*Instructions for the task:* Will you write out all the entries below exactly?

━━ Data extract

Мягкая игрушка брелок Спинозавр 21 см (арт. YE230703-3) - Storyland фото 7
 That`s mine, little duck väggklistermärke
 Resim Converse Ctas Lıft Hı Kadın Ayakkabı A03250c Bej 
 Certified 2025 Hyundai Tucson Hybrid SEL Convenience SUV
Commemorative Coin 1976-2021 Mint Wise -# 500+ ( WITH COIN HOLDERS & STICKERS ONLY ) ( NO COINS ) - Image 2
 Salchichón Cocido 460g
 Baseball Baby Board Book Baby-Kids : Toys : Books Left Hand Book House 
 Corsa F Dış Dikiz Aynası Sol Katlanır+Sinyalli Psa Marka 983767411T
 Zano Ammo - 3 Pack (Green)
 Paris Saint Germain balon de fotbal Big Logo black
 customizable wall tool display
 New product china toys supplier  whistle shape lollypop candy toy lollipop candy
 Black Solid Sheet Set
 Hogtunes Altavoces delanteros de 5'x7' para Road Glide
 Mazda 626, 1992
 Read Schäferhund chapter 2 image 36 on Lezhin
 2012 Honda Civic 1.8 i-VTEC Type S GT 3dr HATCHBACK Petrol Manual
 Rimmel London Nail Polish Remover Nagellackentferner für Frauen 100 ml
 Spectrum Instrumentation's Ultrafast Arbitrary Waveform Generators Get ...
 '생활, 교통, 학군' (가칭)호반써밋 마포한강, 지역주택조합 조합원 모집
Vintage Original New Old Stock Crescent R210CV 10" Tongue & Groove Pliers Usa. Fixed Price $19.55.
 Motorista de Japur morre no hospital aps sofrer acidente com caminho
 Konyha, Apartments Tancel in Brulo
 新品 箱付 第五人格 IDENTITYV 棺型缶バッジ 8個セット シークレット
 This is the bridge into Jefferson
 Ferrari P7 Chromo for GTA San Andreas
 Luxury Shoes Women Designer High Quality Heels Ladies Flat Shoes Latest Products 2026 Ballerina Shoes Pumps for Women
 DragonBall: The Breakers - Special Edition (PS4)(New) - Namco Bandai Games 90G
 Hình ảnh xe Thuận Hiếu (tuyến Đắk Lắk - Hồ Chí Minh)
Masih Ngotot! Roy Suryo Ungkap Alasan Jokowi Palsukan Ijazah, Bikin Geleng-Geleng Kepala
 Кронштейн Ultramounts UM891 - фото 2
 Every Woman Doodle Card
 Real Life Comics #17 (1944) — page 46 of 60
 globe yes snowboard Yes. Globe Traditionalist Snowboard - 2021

━━━━

*Task response:*
Мягкая игрушка брелок Спинозавр 21 см (арт. YE230703-3) - Storyland фото 7
 That`s mine, little duck väggklistermärke
 Resim Converse Ctas Lıft Hı Kadın Ayakkabı A03250c Bej 
 Certified 2025 Hyundai Tucson Hybrid SEL Convenience SUV
Commemorative Coin 1976-2021 Mint Wise -# 500+ ( WITH COIN HOLDERS & STICKERS ONLY ) ( NO COINS ) - Image 2
 Salchichón Cocido 460g
 Baseball Baby Board Book Baby-Kids : Toys : Books Left Hand Book House 
 Corsa F Dış Dikiz Aynası Sol Katlanır+Sinyalli Psa Marka 983767411T
 Zano Ammo - 3 Pack (Green)
 Paris Saint Germain balon de fotbal Big Logo black
 customizable wall tool display
 New product china toys supplier  whistle shape lollypop candy toy lollipop candy
 Black Solid Sheet Set
 Hogtunes Altavoces delanteros de 5'x7' para Road Glide
 Mazda 626, 1992
 Read Schäferhund chapter 2 image 36 on Lezhin
 2012 Honda Civic 1.8 i-VTEC Type S GT 3dr HATCHBACK Petrol Manual
 Rimmel London Nail Polish Remover Nagellackentferner für Frauen 100 ml
 Spectrum Instrumentation's Ultrafast Arbitrary Waveform Generators Get ...
 '생활, 교통, 학군' (가칭)호반써밋 마포한강, 지역주택조합 조합원 모집
Vintage Original New Old Stock Crescent R210CV 10" Tongue & Groove Pliers Usa. Fixed Price $19.55.
 Motorista de Japur morre no hospital aps sofrer acidente com caminho
 Konyha, Apartments Tancel in Brulo
 新品 箱付 第五人格 IDENTITYV 棺型缶バッジ 8個セット シークレット
 This is the bridge into Jefferson
 Ferrari P7 Chromo for GTA San Andreas
 Luxury Shoes Women Designer High Quality Heels Ladies Flat Shoes Latest Products 2026 Ballerina Shoes Pumps for Women
 DragonBall: The Breakers - Special Edition (PS4)(New) - Namco Bandai Games 90G
 Hình ảnh xe Thuận Hiếu (tuyến Đắk Lắk - Hồ Chí Minh)
Masih Ngotot! Roy Suryo Ungkap Alasan Jokowi Palsukan Ijazah, Bikin Geleng-Geleng Kepala
 Кронштейн Ultramounts UM891 - фото 2
 Every Woman Doodle Card
 Real Life Comics #17 (1944) — page 46 of 60
 globe yes snowboard Yes. Globe Traditionalist Snowboard - 2021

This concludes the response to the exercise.